Missing User Warnings

Medium
Confidence
95% confidence
Finding
Describing one-command full-system restore and disaster recovery without an explicit overwrite warning normalizes a destructive operation without communicating the risk of replacing live system files. In a backup skill, restore actions are contextually high risk because they may overwrite application data, configuration, credentials, and boot-critical files, leading to outage or irreversible data loss if run incorrectly.

Missing User Warnings

High
Confidence
99% confidence
Finding
The example command restores directly to the root filesystem ('--target /') with no safeguard or warning. This is extremely dangerous because a user may copy-paste the example and overwrite a live host, causing immediate system corruption, service outage, credential replacement, or destructive rollback of unrelated data.

Missing User Warnings

Medium
Confidence
88% confidence
Finding
The code silently writes the restic repository password to disk in a predictable location under the repository path.

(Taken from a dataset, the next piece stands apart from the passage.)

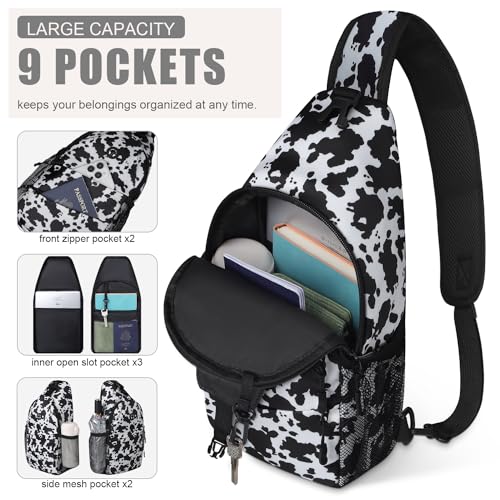 Pritent Crossbody Bags for Women & Travel Duffle Bag for Women(Cow Print)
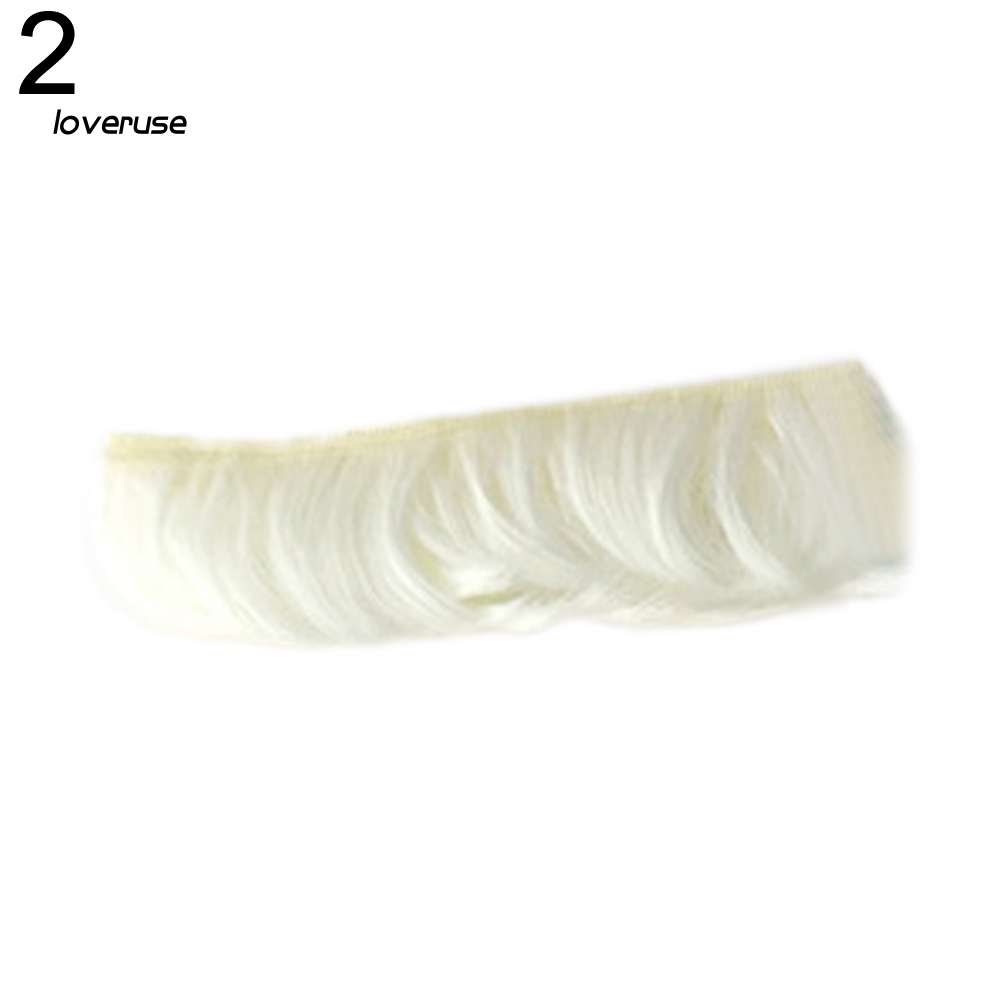 Tóc Giả Dài Sợi Chịu Nhiệt Độ Cao Màu Sắc Đơn Giản Cho Búp Bê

In a backup/orchestration context, this increases the chance that operators unknowingly store high-value secrets on shared or insufficiently protected storage, enabling repository compromise if the file is exposed.

Missing User Warnings

Medium
Confidence
86% confidence
Finding
The default backup mode reads a fixed filesystem path and specific Docker volumes without any runtime confirmation or user disclosure. In an agent skill, this can cause unintended collection of sensitive local data and container contents, especially when users may not realize what will be accessed.

VirusTotal

64/64 vendors flagged this skill as clean.